All of the entries below are to be copied word for word.

Saved entries:
* * * *

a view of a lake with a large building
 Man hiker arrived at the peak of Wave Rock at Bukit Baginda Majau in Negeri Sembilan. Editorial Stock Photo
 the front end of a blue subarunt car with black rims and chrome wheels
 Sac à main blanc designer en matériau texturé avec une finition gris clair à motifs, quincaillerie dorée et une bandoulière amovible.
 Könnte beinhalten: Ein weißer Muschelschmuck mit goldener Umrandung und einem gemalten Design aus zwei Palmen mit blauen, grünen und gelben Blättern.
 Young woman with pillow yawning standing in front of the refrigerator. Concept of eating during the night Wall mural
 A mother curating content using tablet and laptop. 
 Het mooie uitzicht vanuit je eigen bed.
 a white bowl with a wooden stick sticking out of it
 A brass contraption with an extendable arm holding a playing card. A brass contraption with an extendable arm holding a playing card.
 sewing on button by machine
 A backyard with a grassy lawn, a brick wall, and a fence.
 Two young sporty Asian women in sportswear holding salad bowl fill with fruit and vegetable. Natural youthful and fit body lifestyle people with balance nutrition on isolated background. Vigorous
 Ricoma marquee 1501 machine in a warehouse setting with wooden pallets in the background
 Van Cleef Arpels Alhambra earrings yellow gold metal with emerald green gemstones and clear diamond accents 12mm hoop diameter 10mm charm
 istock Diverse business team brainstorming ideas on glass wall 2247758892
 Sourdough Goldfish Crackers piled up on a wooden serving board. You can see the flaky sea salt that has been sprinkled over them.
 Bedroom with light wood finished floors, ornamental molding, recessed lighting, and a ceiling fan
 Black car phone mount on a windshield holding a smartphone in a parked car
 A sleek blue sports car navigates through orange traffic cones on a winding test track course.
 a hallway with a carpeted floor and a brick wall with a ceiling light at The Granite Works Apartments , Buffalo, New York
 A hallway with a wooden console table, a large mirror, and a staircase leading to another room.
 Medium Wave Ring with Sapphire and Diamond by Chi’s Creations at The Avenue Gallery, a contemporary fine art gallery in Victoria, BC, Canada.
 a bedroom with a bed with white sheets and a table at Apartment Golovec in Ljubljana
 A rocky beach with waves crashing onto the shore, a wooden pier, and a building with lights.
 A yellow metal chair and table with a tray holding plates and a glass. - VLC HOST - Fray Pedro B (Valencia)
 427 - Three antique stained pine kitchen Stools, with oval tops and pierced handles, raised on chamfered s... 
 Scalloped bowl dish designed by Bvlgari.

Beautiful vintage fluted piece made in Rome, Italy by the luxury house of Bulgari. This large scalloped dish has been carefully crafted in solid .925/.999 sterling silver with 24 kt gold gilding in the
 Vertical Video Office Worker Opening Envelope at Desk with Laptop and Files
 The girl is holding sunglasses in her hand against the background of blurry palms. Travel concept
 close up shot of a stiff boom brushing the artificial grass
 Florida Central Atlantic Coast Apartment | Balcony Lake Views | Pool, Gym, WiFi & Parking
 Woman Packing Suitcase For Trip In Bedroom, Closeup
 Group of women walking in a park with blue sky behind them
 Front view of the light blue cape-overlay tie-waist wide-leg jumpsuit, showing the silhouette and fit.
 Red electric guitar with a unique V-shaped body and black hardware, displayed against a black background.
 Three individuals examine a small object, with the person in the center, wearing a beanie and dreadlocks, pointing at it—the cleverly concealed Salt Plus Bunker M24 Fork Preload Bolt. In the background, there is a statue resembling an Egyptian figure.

* * * *

THE COMPLETED TASK.
a view of a lake with a large building
 Man hiker arrived at the peak of Wave Rock at Bukit Baginda Majau in Negeri Sembilan. Editorial Stock Photo
 the front end of a blue subarunt car with black rims and chrome wheels
 Sac à main blanc designer en matériau texturé avec une finition gris clair à motifs, quincaillerie dorée et une bandoulière amovible.
 Könnte beinhalten: Ein weißer Muschelschmuck mit goldener Umrandung und einem gemalten Design aus zwei Palmen mit blauen, grünen und gelben Blättern.
 Young woman with pillow yawning standing in front of the refrigerator. Concept of eating during the night Wall mural
 A mother curating content using tablet and laptop. 
 Het mooie uitzicht vanuit je eigen bed.
 a white bowl with a wooden stick sticking out of it
 A brass contraption with an extendable arm holding a playing card. A brass contraption with an extendable arm holding a playing card.
 sewing on button by machine
 A backyard with a grassy lawn, a brick wall, and a fence.
 Two young sporty Asian women in sportswear holding salad bowl fill with fruit and vegetable. Natural youthful and fit body lifestyle people with balance nutrition on isolated background. Vigorous
 Ricoma marquee 1501 machine in a warehouse setting with wooden pallets in the background
 Van Cleef Arpels Alhambra earrings yellow gold metal with emerald green gemstones and clear diamond accents 12mm hoop diameter 10mm charm
 istock Diverse business team brainstorming ideas on glass wall 2247758892
 Sourdough Goldfish Crackers piled up on a wooden serving board. You can see the flaky sea salt that has been sprinkled over them.
 Bedroom with light wood finished floors, ornamental molding, recessed lighting, and a ceiling fan
 Black car phone mount on a windshield holding a smartphone in a parked car
 A sleek blue sports car navigates through orange traffic cones on a winding test track course.
 a hallway with a carpeted floor and a brick wall with a ceiling light at The Granite Works Apartments , Buffalo, New York
 A hallway with a wooden console table, a large mirror, and a staircase leading to another room.
 Medium Wave Ring with Sapphire and Diamond by Chi’s Creations at The Avenue Gallery, a contemporary fine art gallery in Victoria, BC, Canada.
 a bedroom with a bed with white sheets and a table at Apartment Golovec in Ljubljana
 A rocky beach with waves crashing onto the shore, a wooden pier, and a building with lights.
 A yellow metal chair and table with a tray holding plates and a glass. - VLC HOST - Fray Pedro B (Valencia)
 427 - Three antique stained pine kitchen Stools, with oval tops and pierced handles, raised on chamfered s... 
 Scalloped bowl dish designed by Bvlgari.

Beautiful vintage fluted piece made in Rome, Italy by the luxury house of Bulgari. This large scalloped dish has been carefully crafted in solid .925/.999 sterling silver with 24 kt gold gilding in the
 Vertical Video Office Worker Opening Envelope at Desk with Laptop and Files
 The girl is holding sunglasses in her hand against the background of blurry palms. Travel concept
 close up shot of a stiff boom brushing the artificial grass
 Florida Central Atlantic Coast Apartment | Balcony Lake Views | Pool, Gym, WiFi & Parking
 Woman Packing Suitcase For Trip In Bedroom, Closeup
 Group of women walking in a park with blue sky behind them
 Front view of the light blue cape-overlay tie-waist wide-leg jumpsuit, showing the silhouette and fit.
 Red electric guitar with a unique V-shaped body and black hardware, displayed against a black background.
 Three individuals examine a small object, with the person in the center, wearing a beanie and dreadlocks, pointing at it—the cleverly concealed Salt Plus Bunker M24 Fork Preload Bolt. In the background, there is a statue resembling an Egyptian figure.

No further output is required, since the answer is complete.